Liste parti içiyle sınırlı tutulmuyor. Biraz acıtıcı muhalefet yapan herkesin boynuna o yafta asılıyor. Cumhuriyet ve Hürriyet gazeteleri furyadan nasibini aldı. Hürriyet bu saçmalıktan, kendince saçmalıklarla kurtulmaya çabalıyor. Yandaş gazetelerden daha fazla paralel haberi yaparak kurtulabileceğini sanıyor. Oysa şu kuralı unutuyor; aç kurtlara sevgi göstermek insaflarını değil iştahlarını kabartır. Yandaş medyanın hedefindeki Cumhuriyet, geçen hafta daha tuhaf bir şey yaşadı. Milliyet Gazetesi, Cumhuriyet'i paralellikle suçladı. Yandaş tetikçilerin televizyonda söylediği, Milliyet'in tirajda 30 binlere çakıldığı iddiasını yazmasına kızmışlar. ‘Söyleyene kızamıyor yazana yani bize öfkeleniyorlar, keşke asıl muhataba gönderebilselerdi bu açıklamayı' minvalinde bir tepkiyle konuyu duyuran Cumhuriyet son noktayı şöyle koydu: “…günümüzün en kolay işini yaparak ‘paralelci' suçlamalarında bulunmuşlar.”
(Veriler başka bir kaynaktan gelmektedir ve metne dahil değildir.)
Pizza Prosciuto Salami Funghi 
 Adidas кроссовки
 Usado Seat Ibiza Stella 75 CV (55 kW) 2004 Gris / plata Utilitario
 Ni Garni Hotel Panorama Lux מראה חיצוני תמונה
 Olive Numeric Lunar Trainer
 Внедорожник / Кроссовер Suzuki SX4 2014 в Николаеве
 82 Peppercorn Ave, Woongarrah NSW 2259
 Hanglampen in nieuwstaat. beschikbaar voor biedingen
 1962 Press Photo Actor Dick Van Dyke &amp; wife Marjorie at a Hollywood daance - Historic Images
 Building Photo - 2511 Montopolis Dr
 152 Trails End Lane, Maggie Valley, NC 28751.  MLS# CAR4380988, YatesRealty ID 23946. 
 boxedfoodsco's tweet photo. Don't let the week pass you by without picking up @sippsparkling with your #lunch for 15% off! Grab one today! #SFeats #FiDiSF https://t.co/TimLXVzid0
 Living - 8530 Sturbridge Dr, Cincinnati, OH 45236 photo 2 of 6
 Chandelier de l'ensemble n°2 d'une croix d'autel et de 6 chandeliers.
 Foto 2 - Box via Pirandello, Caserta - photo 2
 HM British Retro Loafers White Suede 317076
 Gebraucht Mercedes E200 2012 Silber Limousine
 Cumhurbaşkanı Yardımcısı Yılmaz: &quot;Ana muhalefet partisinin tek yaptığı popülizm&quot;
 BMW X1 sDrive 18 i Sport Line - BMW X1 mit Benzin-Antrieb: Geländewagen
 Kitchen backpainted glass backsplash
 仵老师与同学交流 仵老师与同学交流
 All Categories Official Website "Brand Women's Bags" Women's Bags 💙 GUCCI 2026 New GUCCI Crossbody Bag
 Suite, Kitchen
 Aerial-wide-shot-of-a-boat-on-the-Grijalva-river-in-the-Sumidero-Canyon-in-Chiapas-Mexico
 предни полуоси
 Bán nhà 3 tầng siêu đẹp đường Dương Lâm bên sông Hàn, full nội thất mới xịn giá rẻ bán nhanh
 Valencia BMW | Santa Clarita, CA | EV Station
Paralel çok kullanışlı İsviçre çakısı gibi bir şey. Her işe yarıyor. Biraz da yakın tarihte mucize diye yutturmaya çalıştıkları Erke Dönergeci'ne benziyor. Sıfır enerjiyle her işi yapabiliyor. Eşini öldürmekten mahkûm olandan, usulsüz işlettiği pavyonu kapatılana kadar, minder dışına kaçmaya çalışan herkes paralel söylemine sığınıyor. Ne kadar kirli el varsa bu çeşmede yıkanıp temizleneceğini sanıyor. Göz koyduğu koltuğu boşaltmak isteyen muhterislerin de vazgeçilmez sopası paralel. Bu gidişle o yaftayı yemeyen kalmayacak!